**WHAT IS NEEDED:** In the material below, the required lines run from the one containing "BMW M Hybrid" through the one containing "Apple iPhone 11 128 GB Red · Photo 1". Copy those lines exactly, ends included, and nothing else.

**RECORDS FOR THIS TASK:**
↓↓↓

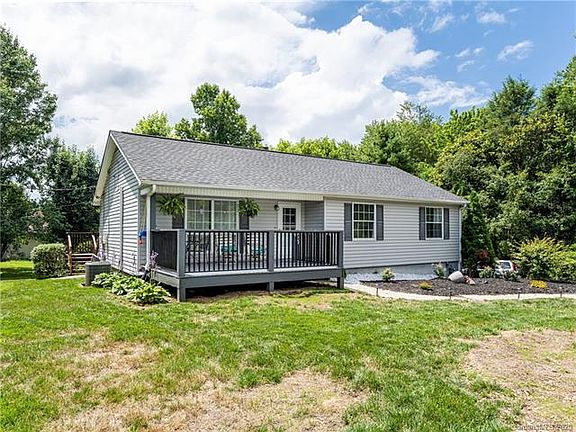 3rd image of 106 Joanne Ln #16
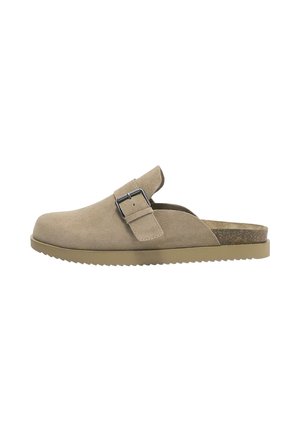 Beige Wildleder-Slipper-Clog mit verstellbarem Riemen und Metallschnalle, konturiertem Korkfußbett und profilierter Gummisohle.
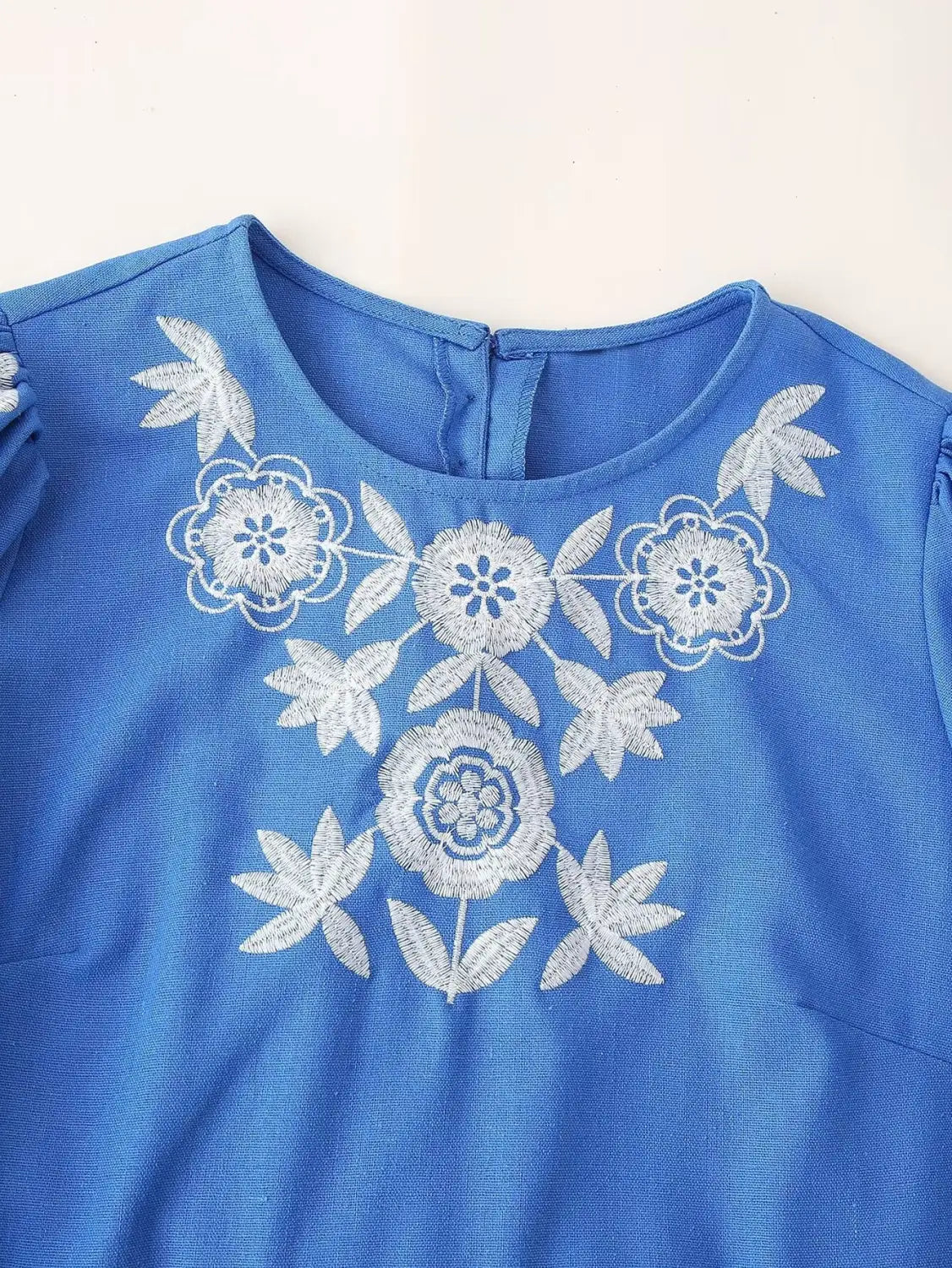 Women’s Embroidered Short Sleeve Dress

↑↑↑
↓↓↓

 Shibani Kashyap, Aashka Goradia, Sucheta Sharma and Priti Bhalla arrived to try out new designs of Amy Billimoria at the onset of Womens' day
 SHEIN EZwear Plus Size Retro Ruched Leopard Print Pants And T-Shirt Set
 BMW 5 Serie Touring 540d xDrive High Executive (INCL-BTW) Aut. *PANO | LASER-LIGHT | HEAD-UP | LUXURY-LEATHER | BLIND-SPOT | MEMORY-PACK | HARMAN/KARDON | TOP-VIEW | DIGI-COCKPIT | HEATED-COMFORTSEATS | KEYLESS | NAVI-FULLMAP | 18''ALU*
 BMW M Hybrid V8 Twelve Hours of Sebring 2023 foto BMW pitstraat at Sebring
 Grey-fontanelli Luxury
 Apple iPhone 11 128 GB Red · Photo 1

↑↑↑

**TASK ANSWER:**
 BMW M Hybrid V8 Twelve Hours of Sebring 2023 foto BMW pitstraat at Sebring
 Grey-fontanelli Luxury
 Apple iPhone 11 128 GB Red · Photo 1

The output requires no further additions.